Task item: All that is wanted is a word-for-word copy of the data from its first line to the line containing "Capa de sapato à prova de chuva de", both included.

(Beginning of Entries provided)

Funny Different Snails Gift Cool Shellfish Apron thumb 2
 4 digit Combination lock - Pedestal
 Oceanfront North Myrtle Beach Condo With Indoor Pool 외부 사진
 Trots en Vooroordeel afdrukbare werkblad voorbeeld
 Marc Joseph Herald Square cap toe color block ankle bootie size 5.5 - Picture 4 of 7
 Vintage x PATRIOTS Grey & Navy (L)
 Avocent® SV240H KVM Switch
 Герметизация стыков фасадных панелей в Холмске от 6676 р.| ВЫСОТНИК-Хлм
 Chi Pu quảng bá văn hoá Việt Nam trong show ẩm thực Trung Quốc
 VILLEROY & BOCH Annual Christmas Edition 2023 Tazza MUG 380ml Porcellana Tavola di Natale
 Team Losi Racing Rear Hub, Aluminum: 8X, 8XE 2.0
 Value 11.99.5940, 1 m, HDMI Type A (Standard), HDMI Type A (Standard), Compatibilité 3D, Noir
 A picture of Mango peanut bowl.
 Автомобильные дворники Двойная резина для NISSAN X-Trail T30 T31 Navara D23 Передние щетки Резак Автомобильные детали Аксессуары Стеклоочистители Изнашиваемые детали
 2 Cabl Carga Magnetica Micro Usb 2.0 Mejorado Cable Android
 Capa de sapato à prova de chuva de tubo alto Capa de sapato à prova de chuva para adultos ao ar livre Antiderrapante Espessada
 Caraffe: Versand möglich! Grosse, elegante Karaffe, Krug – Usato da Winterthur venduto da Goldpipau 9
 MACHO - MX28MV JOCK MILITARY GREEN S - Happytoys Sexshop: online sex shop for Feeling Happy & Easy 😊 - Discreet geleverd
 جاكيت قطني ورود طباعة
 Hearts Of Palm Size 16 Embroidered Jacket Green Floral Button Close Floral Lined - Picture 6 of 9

(End of Entries provided)

Task result:
Funny Different Snails Gift Cool Shellfish Apron thumb 2
 4 digit Combination lock - Pedestal
 Oceanfront North Myrtle Beach Condo With Indoor Pool 외부 사진
 Trots en Vooroordeel afdrukbare werkblad voorbeeld
 Marc Joseph Herald Square cap toe color block ankle bootie size 5.5 - Picture 4 of 7
 Vintage x PATRIOTS Grey & Navy (L)
 Avocent® SV240H KVM Switch
 Герметизация стыков фасадных панелей в Холмске от 6676 р.| ВЫСОТНИК-Хлм
 Chi Pu quảng bá văn hoá Việt Nam trong show ẩm thực Trung Quốc
 VILLEROY & BOCH Annual Christmas Edition 2023 Tazza MUG 380ml Porcellana Tavola di Natale
 Team Losi Racing Rear Hub, Aluminum: 8X, 8XE 2.0
 Value 11.99.5940, 1 m, HDMI Type A (Standard), HDMI Type A (Standard), Compatibilité 3D, Noir
 A picture of Mango peanut bowl.
 Автомобильные дворники Двойная резина для NISSAN X-Trail T30 T31 Navara D23 Передние щетки Резак Автомобильные детали Аксессуары Стеклоочистители Изнашиваемые детали
 2 Cabl Carga Magnetica Micro Usb 2.0 Mejorado Cable Android
 Capa de sapato à prova de chuva de tubo alto Capa de sapato à prova de chuva para adultos ao ar livre Antiderrapante Espessada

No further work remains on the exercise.